- _Activity_:
Make an exact copy of all the data, pictures excluded.

- _Data excerpt_:
——————
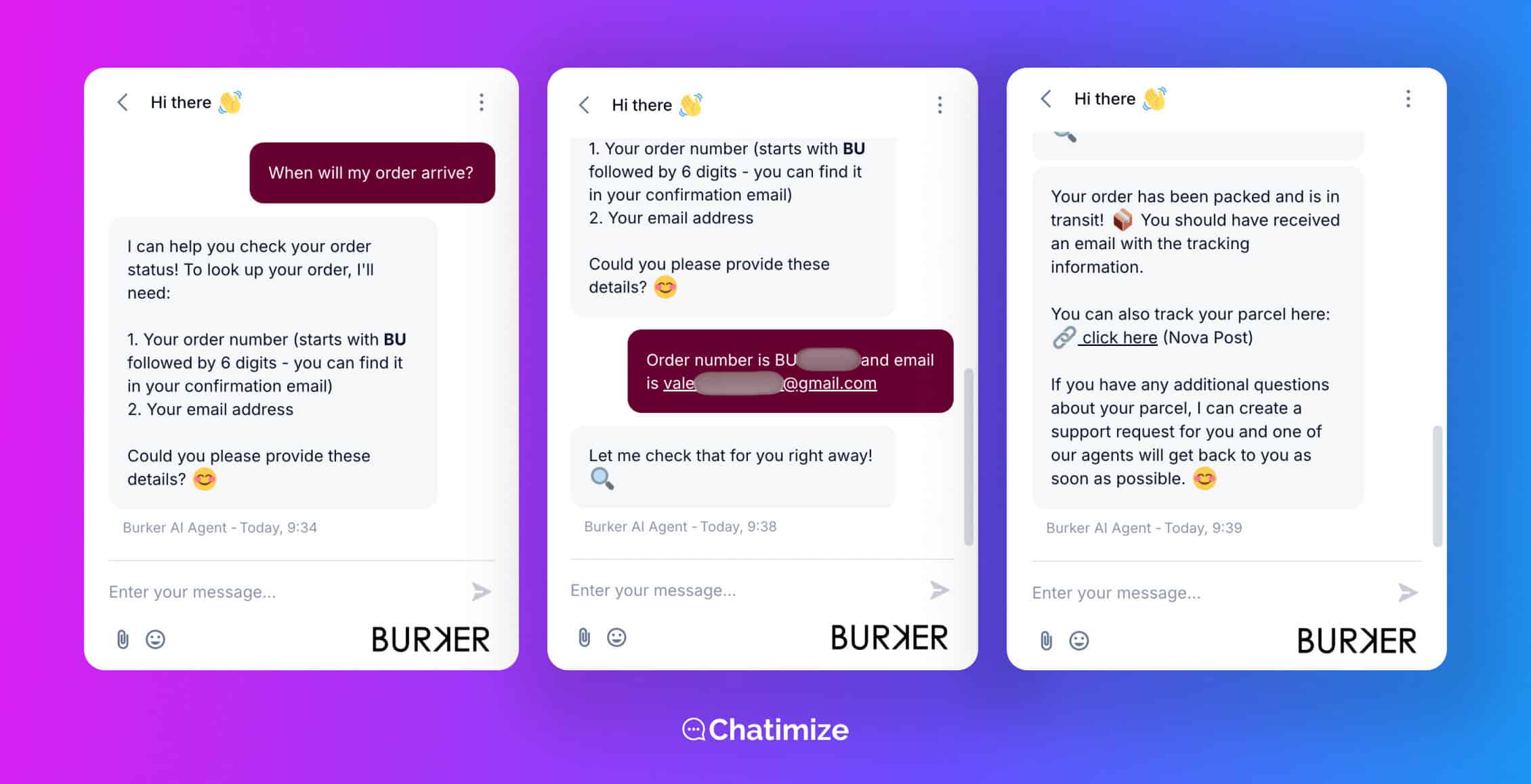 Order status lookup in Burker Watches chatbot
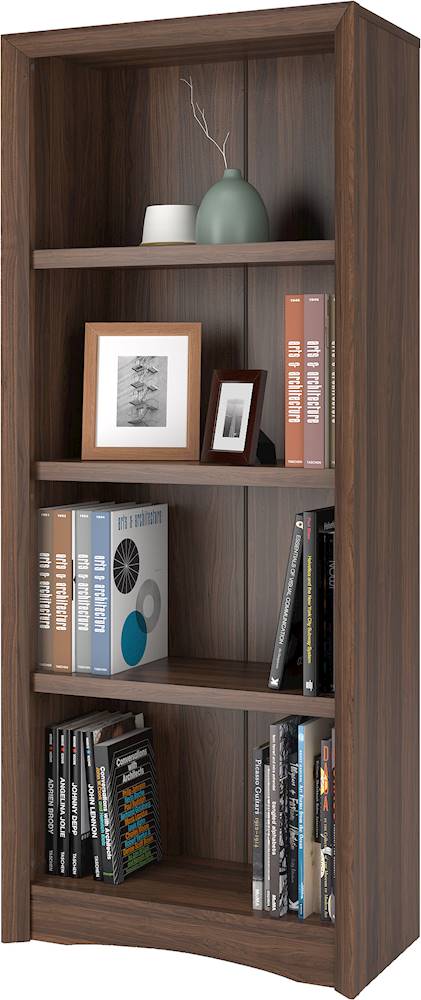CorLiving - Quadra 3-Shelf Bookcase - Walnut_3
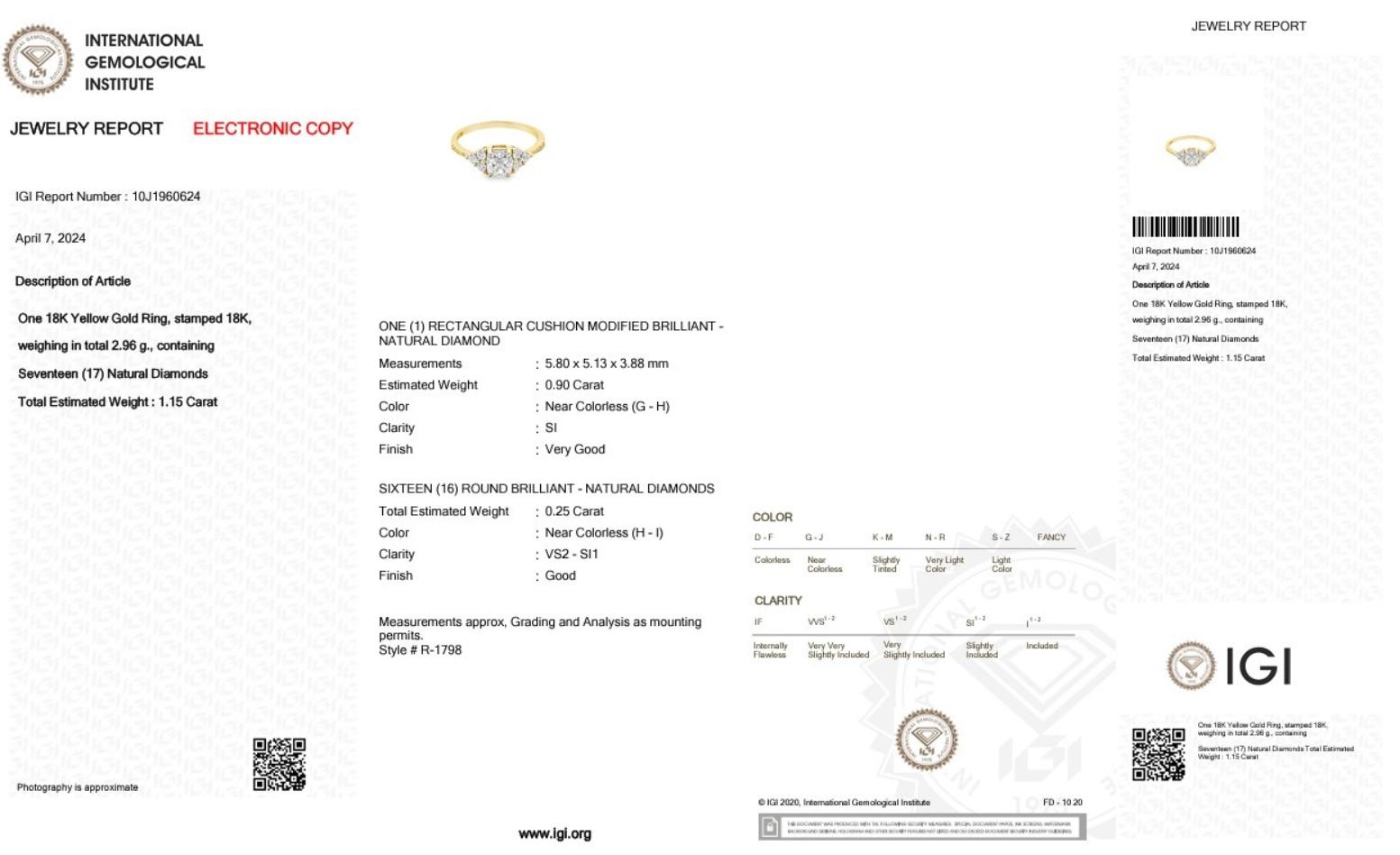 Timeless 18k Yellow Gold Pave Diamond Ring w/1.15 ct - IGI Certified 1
——————
- _Solution to the exercise_:
 Order status lookup in Burker Watches chatbot
CorLiving - Quadra 3-Shelf Bookcase - Walnut_3
 Timeless 18k Yellow Gold Pave Diamond Ring w/1.15 ct - IGI Certified 1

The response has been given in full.